Folman tells NPR's Robert Siegel that his father said "everyone would be furious" about the film, which does not offer a heroic view of the Israeli Army, and that Folman would be "hounded by the government for years."
But Folman went forward with it — as sort of a way of rebelling, he says — in part to convince teenagers to stay away from war.
"For me, it was very essential to bring young audiences to the theaters to watch the film because I thought that if this film could influence even one teenager making the decision not to go the war, it doesn't matter where I did my job, I earned it," Folman says. "All wars are useless ... and sometimes in films we tend to glorify them by making all of those great characters and they show you it's all about bravery and brotherhood of man. And I don't believe in that."
Folman specifically used animation to tell the story, he says, because it gave him creative freedom to move from one dimension to another — "from reality to dreams to subconscious issues to hallucinations to drug influences to war, which is probably the most surreal thing on earth," he says.
An emotion that's depicted strongly in the movie is a sense of fear among the Israeli soldiers.
"You're very young and you're totally clueless," Folman says. "The fear is that you don't know if you'll live the next day. And you don't have any decisions that can change it."
Along with reconstructing memory, one of the main points of the movie is chronology, Folman says. During the mass killings, Israeli soldiers like Folman launched flares to assist the Christian Phalangists.

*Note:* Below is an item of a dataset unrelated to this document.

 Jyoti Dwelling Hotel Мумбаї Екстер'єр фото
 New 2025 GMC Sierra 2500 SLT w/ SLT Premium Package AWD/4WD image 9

"For us what happened during the massacre in the camp was something that was taken out of our systems because we are not eyewitnessing it," Folman says. "We did ourselves an easy life by saying we didn't know that it was going on. The responsibility was much more a government issue, and us as common soldiers, we were clueless."
But when did the Israeli soldiers realize their role in the massacres? This is something Folman aimed to address.
"When do you realize everything you hear and see ... second- and third-hand information, when do you put everything into one frame and you say, 'OK, there is something very bad, there is mass murder going on just around the hill,'" he says. "And then what do you do in order to prevent it? It's more about chronology of events than about anything else."
To Folman's surprise, the film was received "too well" in Israel.
"I was expecting at least a kind of debate — at least a controversy, something," Folman says. "And then I was hugged dearly by all of the political spectrum, the government took it as a project and they keep sending the film all over the world on their expense. I considered myself this really cool rebel and now I'm the government's darling, so it's kind of problematic for me."
He says the experience shows that Israel is a tolerant country and "in Israel you can say whatever you like." And he kind of enjoys the attention.
"In a way I'm sorry that my father doesn't live to see it," Folman says.